Agreed, I certainly would not trust a hand-made proof of determinism!
Even an automated proof has the possibility of bugs in the proof software.
But it would be necessary to specify which parts of the kernel needed
to meet realtime scheduling guarantees. If the application does not
use a VGA driver, then it is only necessary to show that the VGA driver
does not interfere with realtime processes -- one does not have to
make the VGA driver itself deterministic. Instead, one only has to
make sure that the VGA driver lets go of the CPU deterministically.
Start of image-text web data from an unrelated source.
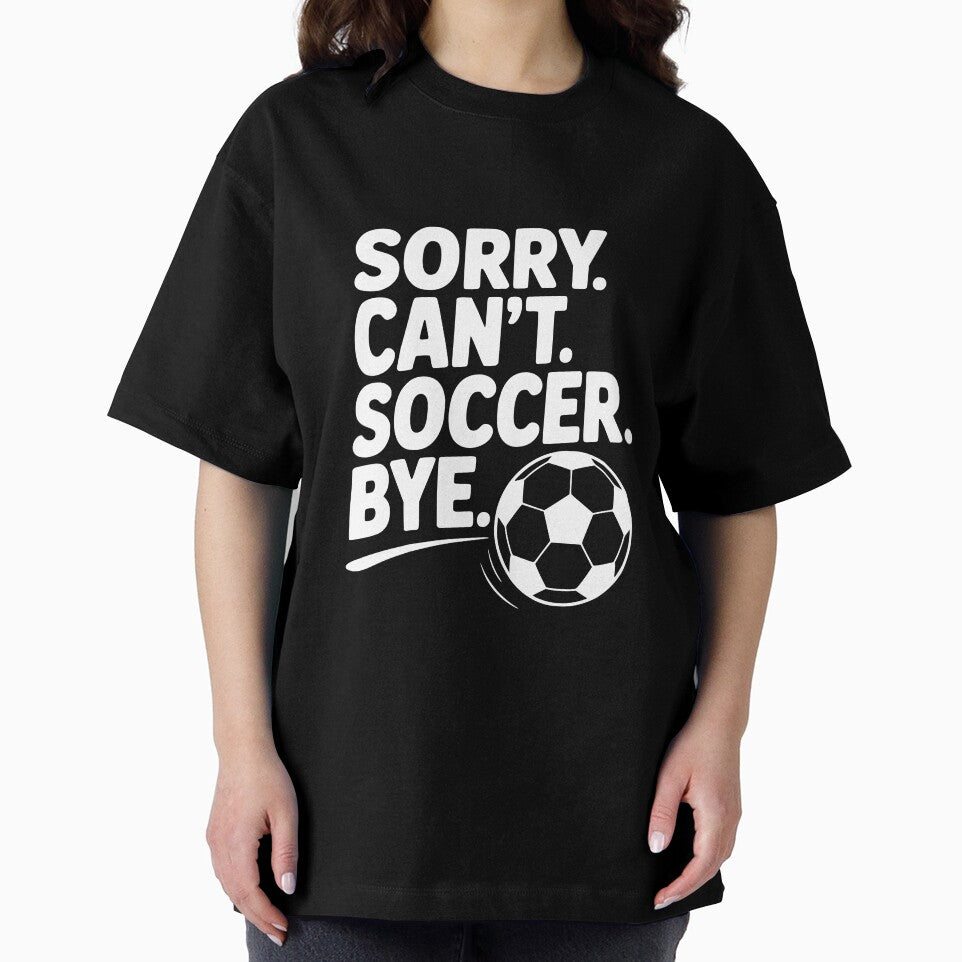 Sorry. Can't. Soccer. Bye. by Frank Ring
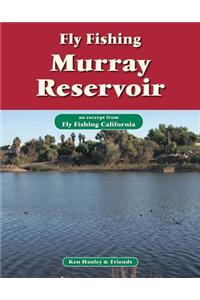 Fly Fishing Murray Reservoir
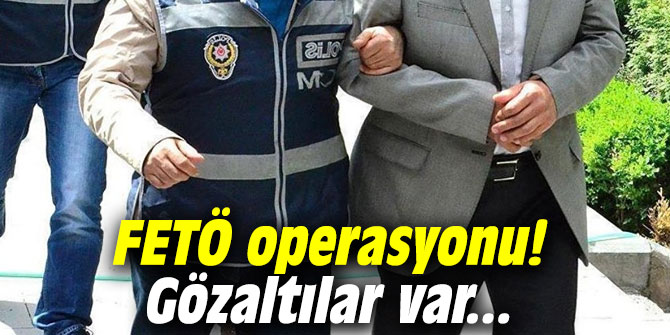 7 ilde FETÖ operasyonu! Gözaltılar var...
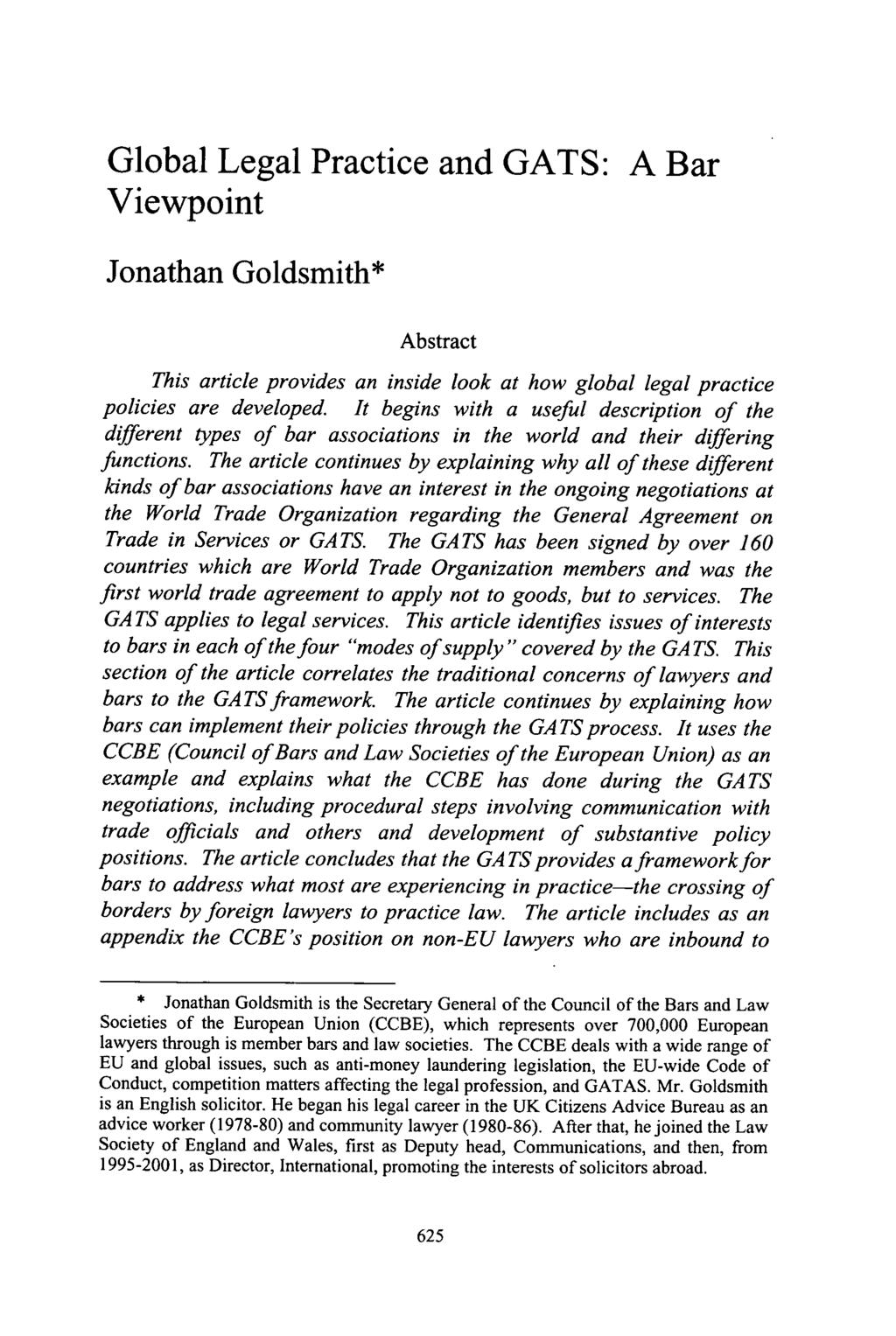 Global Legal Practice and GATS: A Bar Viewpoint Jonathan Goldsmith* Abstract This article provides an inside look at how global legal practice policies are developed.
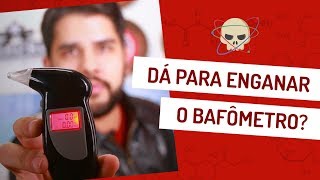 Dá para enganar o bafômetro? Descubra agora!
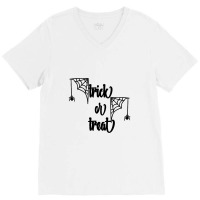 Trick Or Treat V-neck Tee | Artistshot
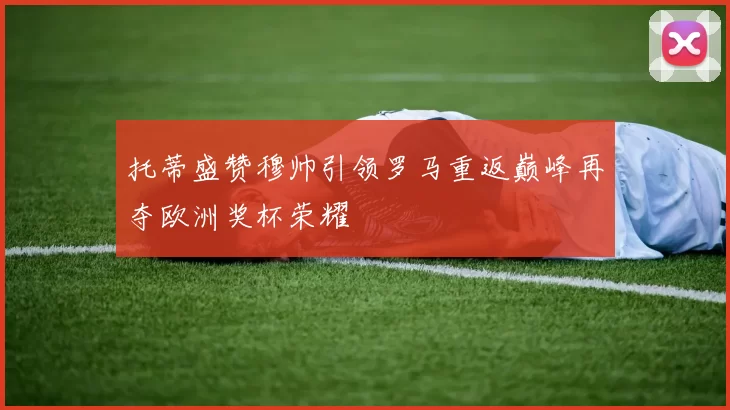 托蒂盛赞穆帅引领罗马重返巅峰再夺欧洲奖杯荣耀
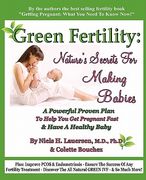 green fertility: nature's secrets for making babies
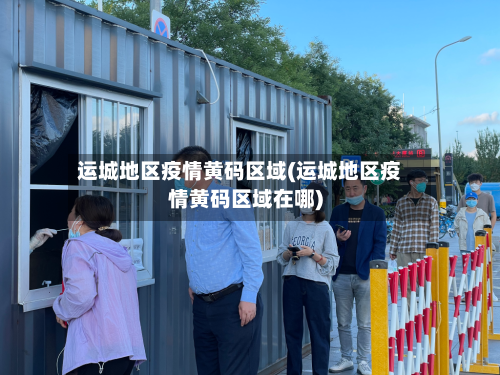 运城地区疫情黄码区域(运城地区疫情黄码区域在哪)-第1张图片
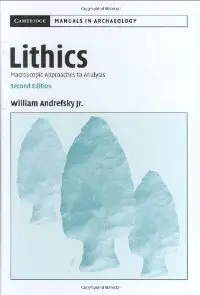 Lithics: Macroscopic Approaches to Analysis (Cambridge Manuals in Archaeology) (repost)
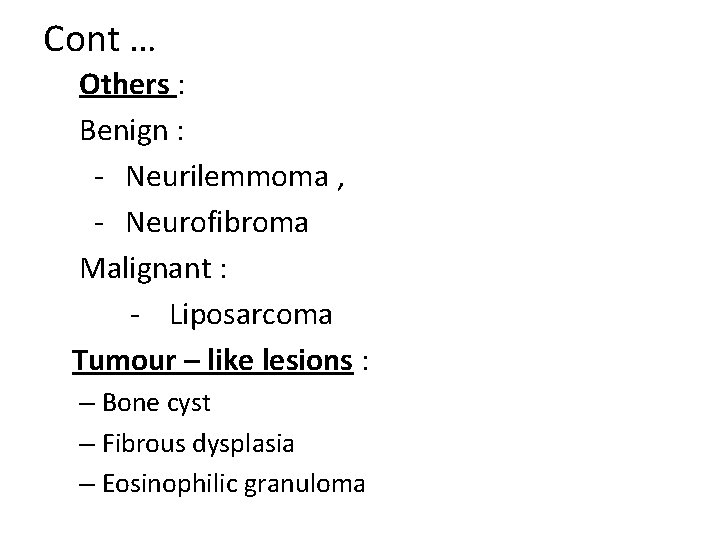 Cont … Others : Benign : - Neurilemmoma , - Neurofibroma Malignant : -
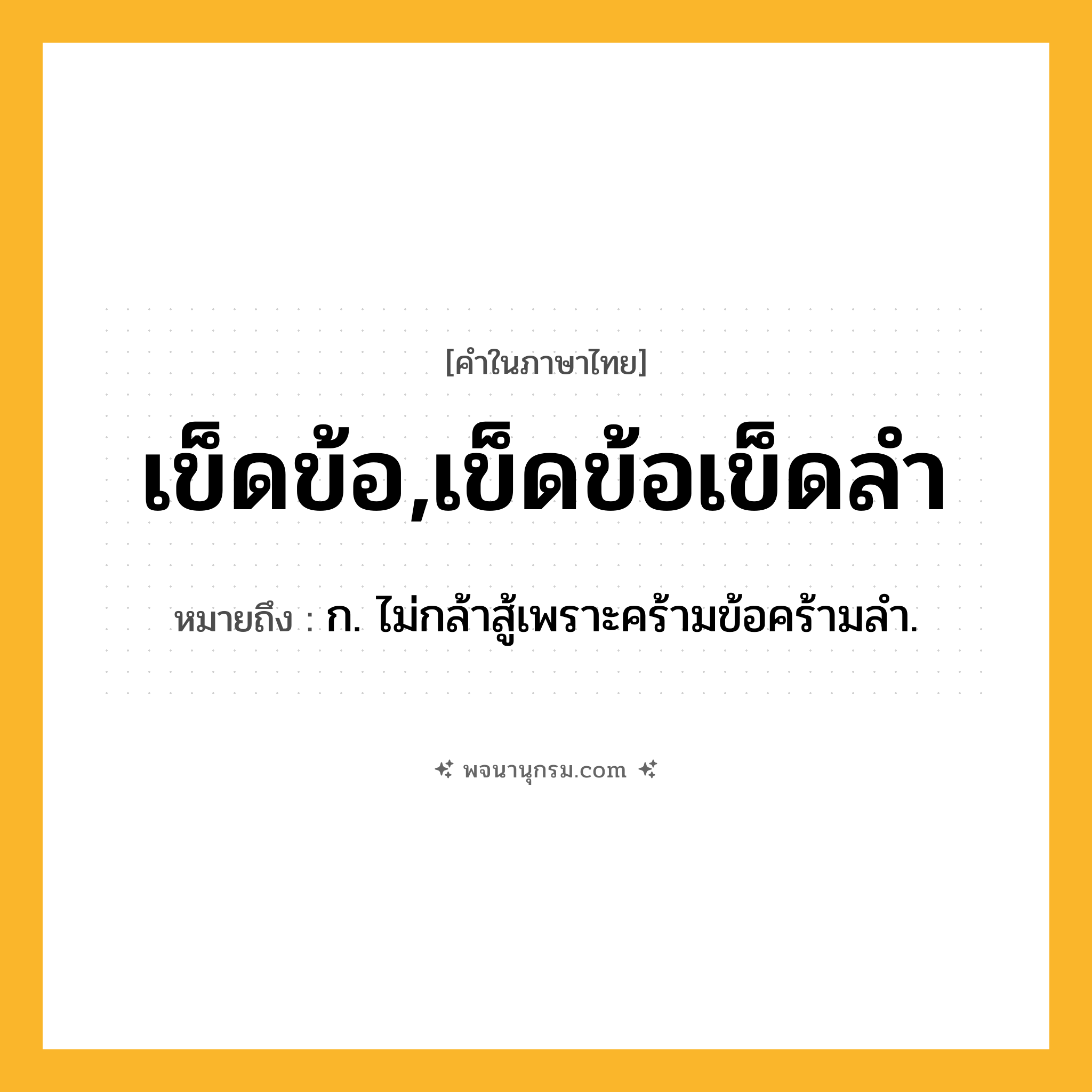 เข็ดข้อ,เข็ดข้อเข็ดลำ ความหมาย หมายถึงอะไร?, คำในภาษาไทย เข็ดข้อ,เข็ดข้อเข็ดลำ หมายถึง ก. ไม่กล้าสู้เพราะคร้ามข้อคร้ามลํา.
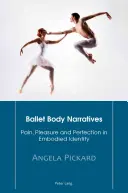 Baletttest-elbeszélések; Fájdalom, öröm és tökéletesség a megtestesült identitásban - Ballet Body Narratives; Pain, Pleasure and Perfection in Embodied Identity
> So for hart-RT IMHO the only way is to never invoke syscalls and to run
> always in irq context without sharing anything, with irqs going at max
> prio using nanokernel or the patented way of redernining cli, that
> people were doing for years before filing the patent. It's harder to
> code that way, but that's the the price you pay to be guaranteed that
> you won't block for an unknown amount of time, and I don't see other way
> around it.
>
> It scares me if people will use preemt-RT for hard-RT requirements. Ok,
> if a cellphone crashes it's no big deal, but for real critical stuff
> you can't play the measurement-russian-roulette.

For the really critical stuff, some projects have assigned three different
teams to implement in three different languages and runtime environments,
and then coupled the resulting systems into a triple-module-redundancy
configuration. Horribly expensive, but worth it in some cases.